Description of the task — Beginning at the line that includes "ソレアードV(2LDK/2階)の間取り写真", print each remaining line of the data word for word. Output nothing else.

[Opening Exercise material section]

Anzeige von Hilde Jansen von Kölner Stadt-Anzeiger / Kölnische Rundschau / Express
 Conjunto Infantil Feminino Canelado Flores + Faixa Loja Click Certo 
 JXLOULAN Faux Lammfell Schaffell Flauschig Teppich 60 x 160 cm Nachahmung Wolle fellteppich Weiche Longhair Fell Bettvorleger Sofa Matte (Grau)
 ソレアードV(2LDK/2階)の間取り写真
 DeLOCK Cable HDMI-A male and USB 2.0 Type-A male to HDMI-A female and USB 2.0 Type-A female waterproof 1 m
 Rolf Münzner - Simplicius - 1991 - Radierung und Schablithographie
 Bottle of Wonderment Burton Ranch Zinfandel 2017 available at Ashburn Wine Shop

[Closing Exercise material section]

Answer to the exercise —
 ソレアードV(2LDK/2階)の間取り写真
 DeLOCK Cable HDMI-A male and USB 2.0 Type-A male to HDMI-A female and USB 2.0 Type-A female waterproof 1 m
 Rolf Münzner - Simplicius - 1991 - Radierung und Schablithographie
 Bottle of Wonderment Burton Ranch Zinfandel 2017 available at Ashburn Wine Shop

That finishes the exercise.